Today I read a paper titled “Keypoint Encoding for Improved Feature Extraction from Compressed Video at Low Bitrates”
The abstract is:
In many mobile visual analysis applications, compressed video is transmitted over a communication network and analyzed by a server.
Typical processing steps performed at the server include keypoint detection, descriptor calculation, and feature matching.
Video compression has been shown to have an adverse effect on feature-matching performance.
The negative impact of compression can be reduced by using the keypoints extracted from the uncompressed video to calculate descriptors from the compressed video.
Based on this observation, we propose to provide these keypoints to the server as side information and to extract only the descriptors from the compressed video.
First, we introduce four different frame types for keypoint encoding to address different types of changes in video content.

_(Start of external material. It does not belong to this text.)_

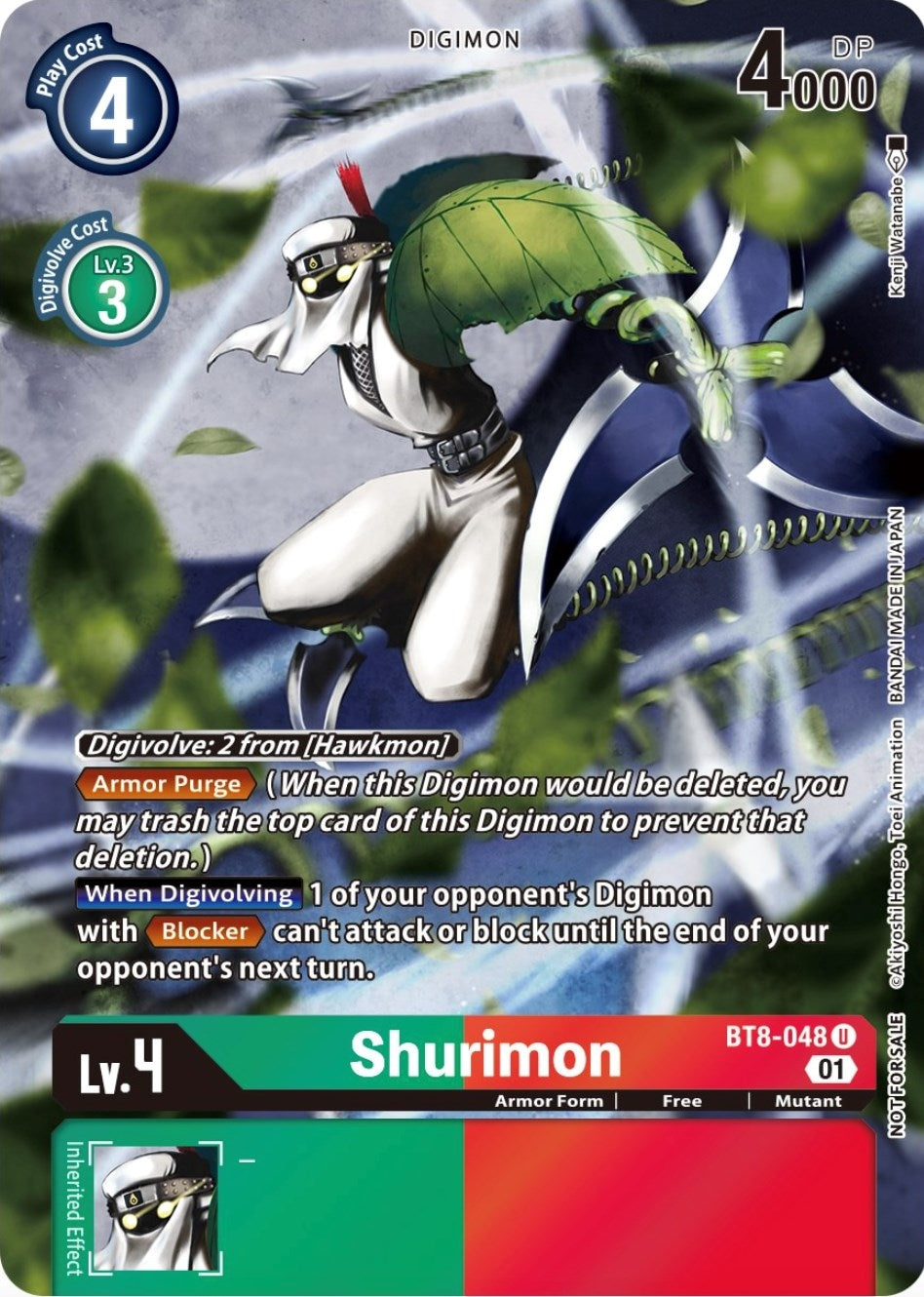 Shurimon (Official Tournament Pack Vol.9) (8048) [BT08] - Digimon Card Game Single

These frame types represent a new scene, the same scene, a slowly changing scene, or a rapidly moving scene and are determined by comparing features between successive video frames.

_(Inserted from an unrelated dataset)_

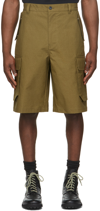 Kenzo Mesh-texture Cargo Trousers In 49 - Olive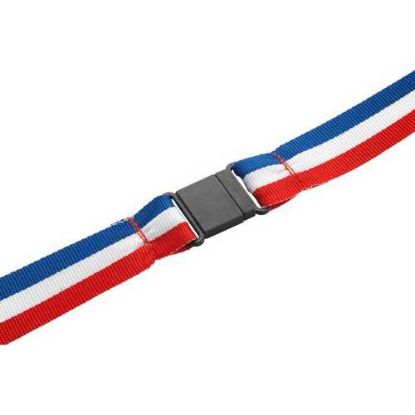 Picture of Medal Ribbon R~w~b With Plastic Safety Clip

Then, we propose Intra, Skip and Inter modes of encoding the keypoints for different frame types.
For example, keypoints for new scenes are encoded using the Intra mode, and keypoints for unchanged scenes are skipped.
As a result, the bitrate of the side information related to keypoint encoding is significantly reduced.
Finally, we present pairwise matching and image retrieval experiments conducted to evaluate the performance of the proposed approach using the Stanford mobile augmented reality dataset and 720p format videos.
The results show that the proposed approach offers significantly improved feature matching and image retrieval performance at a given bitrate.